Improving Broadband and Cellphone Connectivity in Eastern Ontario

Published on May 21, 2019

Better connections improve safety and open Ontario for business

ROSENEATH — Ontario's Government is putting people first by taking a giant step towards improving mobile broadband and curing cellular dead zones in Eastern Ontario today, as the province announced $71 million in funding that will make people safer and open Ontario for business, open for jobs.

"Our government has committed to help people get the broadband and cellular connections they need," said Monte McNaughton, Minister of Infrastructure. "This means there are homes, businesses and major roadways where it is difficult to access the internet from a smart phone. We all know examples where people are put in dangerous positions because of dropped calls or lost connections during emergencies." 

"This is a matter of public safety and economic opportunity," he added. 

About 10 per cent of rural Eastern Ontario has no cell service. Ontario is committing $71 million to the Eastern Ontario Regional Network's (EORN) project to virtually eliminate coverage gaps in the region. The public-private initiative requires contributions from the federal government as well private sector and municipal partners. Total value of the project is estimated at $213 million and is expected to generate up to 3,000 jobs over 10 years and potential revenues of $420 million.
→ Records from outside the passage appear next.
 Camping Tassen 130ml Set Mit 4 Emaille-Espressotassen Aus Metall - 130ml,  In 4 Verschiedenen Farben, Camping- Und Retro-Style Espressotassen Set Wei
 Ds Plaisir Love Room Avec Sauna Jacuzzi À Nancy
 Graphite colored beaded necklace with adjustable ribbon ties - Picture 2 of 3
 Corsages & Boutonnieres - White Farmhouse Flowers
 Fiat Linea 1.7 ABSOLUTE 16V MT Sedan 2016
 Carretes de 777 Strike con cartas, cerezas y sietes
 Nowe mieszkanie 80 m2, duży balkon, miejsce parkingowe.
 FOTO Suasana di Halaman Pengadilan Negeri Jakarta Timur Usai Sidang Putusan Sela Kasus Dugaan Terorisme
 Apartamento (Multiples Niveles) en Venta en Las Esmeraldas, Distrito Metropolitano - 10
"It is critical to have the proper infrastructure in place to support public safety across the province, especially in this region, where cellular coverage is often lacking," said Northumberland-Peterborough South MPP David Piccini. "Our government is taking action to improve connectivity so that people can feel confident and safe, at home and on the road."

"Too often, Eastern Ontario residents find themselves with no signal or dropped cell services," said EORN chair J. Murray Jones. "EORN is building on the investment we've already made in broadband infrastructure across the region to close the gap in mobile services and improve economic growth, quality of life and public safety."

Ontario is hopeful the federal government will commit to funding its share of the project. 

"Last week, the federal Liberals said the people of Ontario's priorities were their priorities," McNaughton said. "Well, this is a huge priority in Eastern Ontario. It's about public safety, economic growth and development and convenience. We are investing in people and building our province's future."

With today's announced support for EORN, the provincial government is keeping its promise to invest in cellular and broadband infrastructure. 


Quick Facts

  • The project involves all Eastern Ontario Wardens’ Caucus (EOWC) members and 10 separate municipalities.
  • The goal of the project is to bring cell coverage to 99 per cent of the region where people live, work and travel. Unpopulated areas, including forests, swamps and protected lands are not included in that goal.
  • EORN was created by the Eastern Ontario Wardens’ Caucus and has already completed a major project to build a high-capacity fibre-optic backbone network in Eastern Ontario.
  • In the 2019 Ontario Budget, the provincial government committed $315 million over the next five years to regional and shovel-ready projects.